[Source information — start]

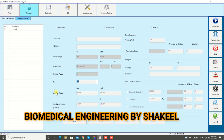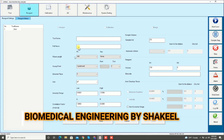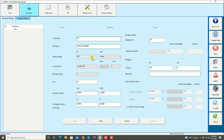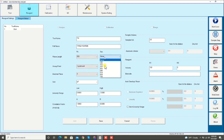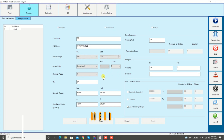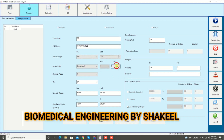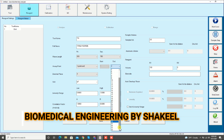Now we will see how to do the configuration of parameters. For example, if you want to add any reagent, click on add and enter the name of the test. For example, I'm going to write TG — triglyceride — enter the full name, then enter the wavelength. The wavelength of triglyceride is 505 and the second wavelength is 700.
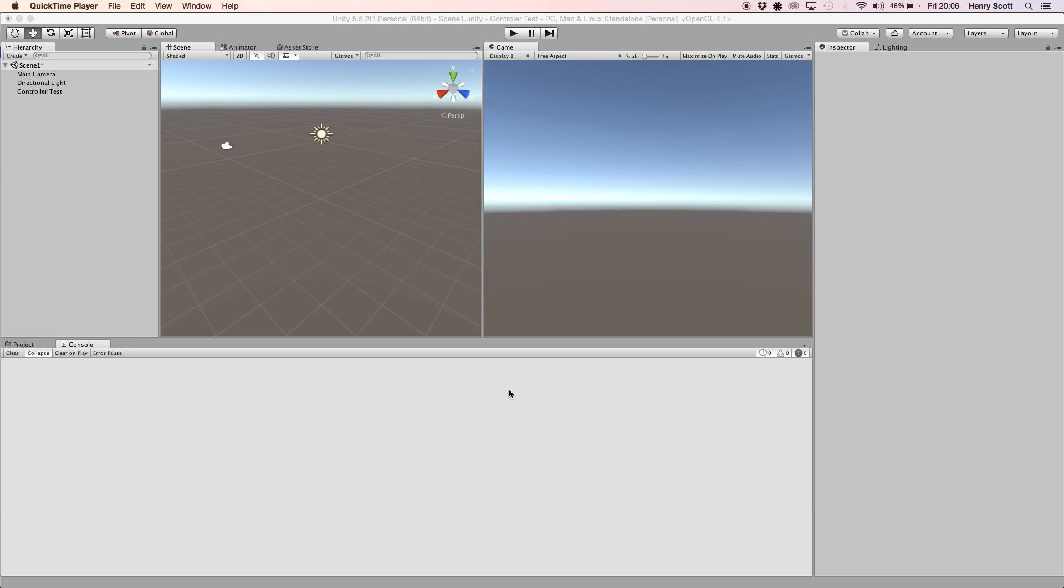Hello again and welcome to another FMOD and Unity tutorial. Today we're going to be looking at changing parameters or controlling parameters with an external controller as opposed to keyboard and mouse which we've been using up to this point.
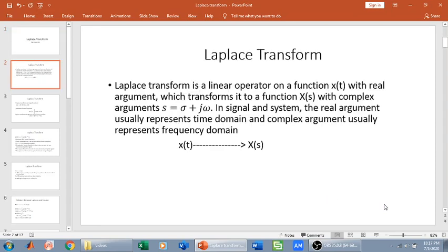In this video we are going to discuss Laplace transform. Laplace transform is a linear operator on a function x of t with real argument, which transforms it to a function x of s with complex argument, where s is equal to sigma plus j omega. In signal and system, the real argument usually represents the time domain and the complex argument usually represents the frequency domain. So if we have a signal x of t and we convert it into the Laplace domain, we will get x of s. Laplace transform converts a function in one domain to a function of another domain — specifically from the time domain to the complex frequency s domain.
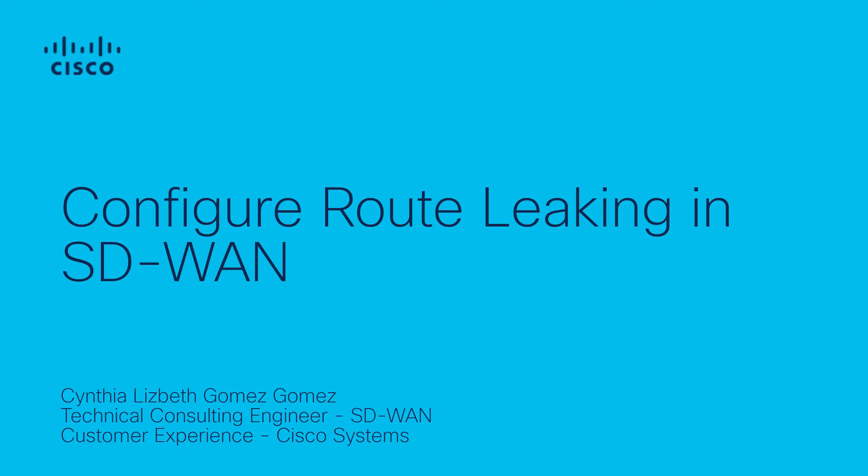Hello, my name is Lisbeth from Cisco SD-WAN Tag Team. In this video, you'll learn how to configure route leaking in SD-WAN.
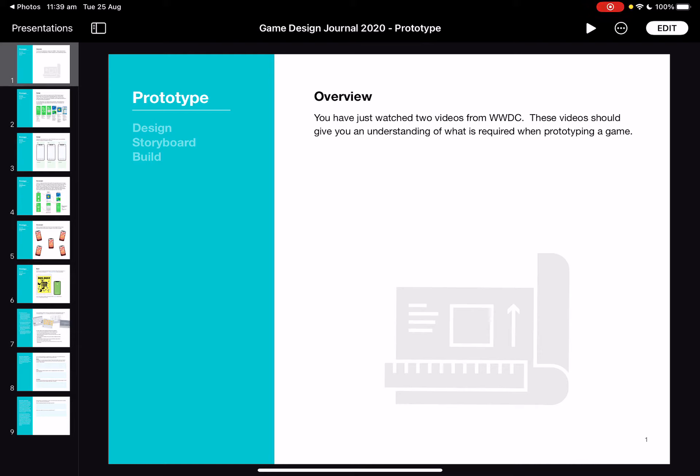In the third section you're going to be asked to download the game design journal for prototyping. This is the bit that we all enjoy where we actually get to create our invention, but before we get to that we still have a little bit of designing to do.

[Source information — finish]

**About this exercise**
The answer must be an exact copy of the lines from the one containing "Hello, my name" through the last line of the records, with no pictures included.

**Completed task**
Hello, my name is Lisbeth from Cisco SD-WAN Tag Team. In this video, you'll learn how to configure route leaking in SD-WAN.
In the third section you're going to be asked to download the game design journal for prototyping. This is the bit that we all enjoy where we actually get to create our invention, but before we get to that we still have a little bit of designing to do.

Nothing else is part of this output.